Task brief: An exact reproduction of the records is required, with all pictures omitted.

Materials provided:

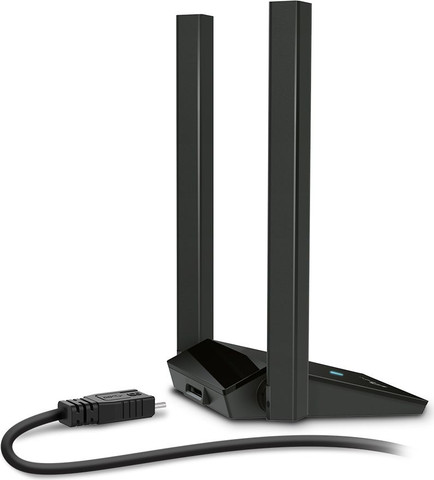 מתאם רשת אלחוטי TP-Link Archer TX20U Plus AX1800 Dual Antennas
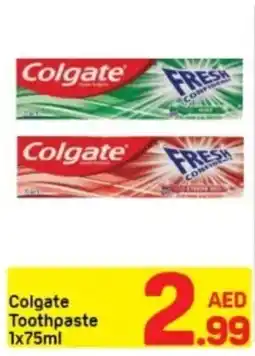 Day To Day Colgate Toothpaste offer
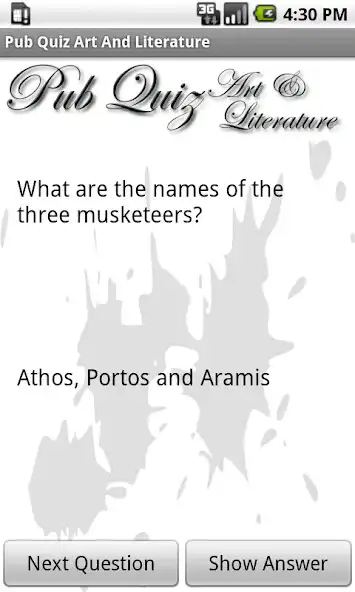 Play Pub Quiz Art  Literature Free as an online game Pub Quiz Art  Literature Free with UptoPlay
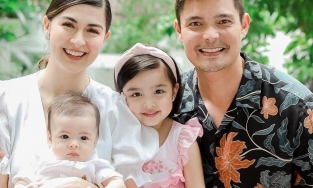 Bức ảnh triệu 'like' của mỹ nhân đẹp nhất Philippines và cô con gái nhỏ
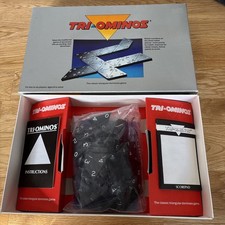 Vintage 1986 Triominos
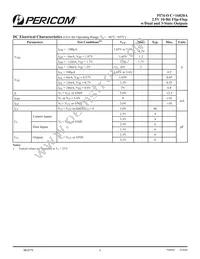 PI74AVC+16820AAE Datasheet Page 4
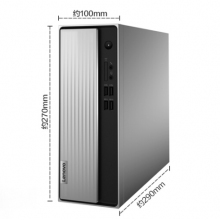 聯(lián)想(Lenovo)天逸510S臺式機電腦I5-10400/8G/1T/wifi//21.45英寸雙超顯示器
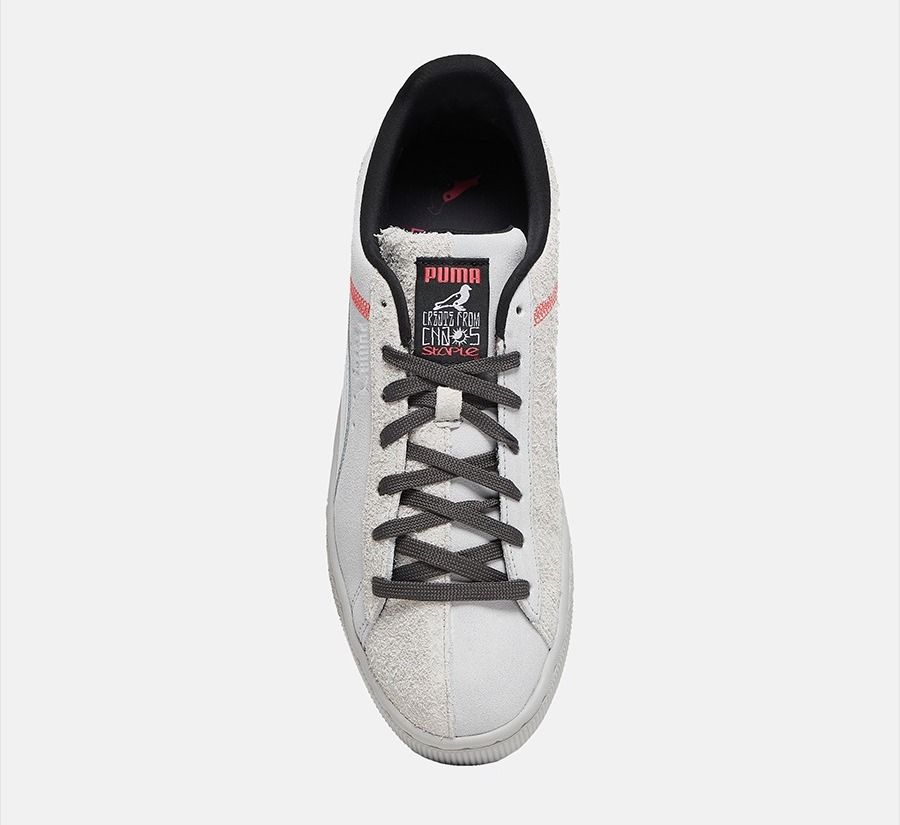 【販売リンクあり】海外発売中 Jeff Staple x PUMA Suede "Create from Division" 抽選/定価/販売店舗まとめ 5枚目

Response area:
 מתאם רשת אלחוטי TP-Link Archer TX20U Plus AX1800 Dual Antennas
 Day To Day Colgate Toothpaste offer
 Play Pub Quiz Art  Literature Free as an online game Pub Quiz Art  Literature Free with UptoPlay
 Bức ảnh triệu 'like' của mỹ nhân đẹp nhất Philippines và cô con gái nhỏ
 Vintage 1986 Triominos
 PI74AVC+16820AAE Datasheet Page 4
 聯(lián)想(Lenovo)天逸510S臺式機電腦I5-10400/8G/1T/wifi//21.45英寸雙超顯示器
 【販売リンクあり】海外発売中 Jeff Staple x PUMA Suede "Create from Division" 抽選/定価/販売店舗まとめ 5枚目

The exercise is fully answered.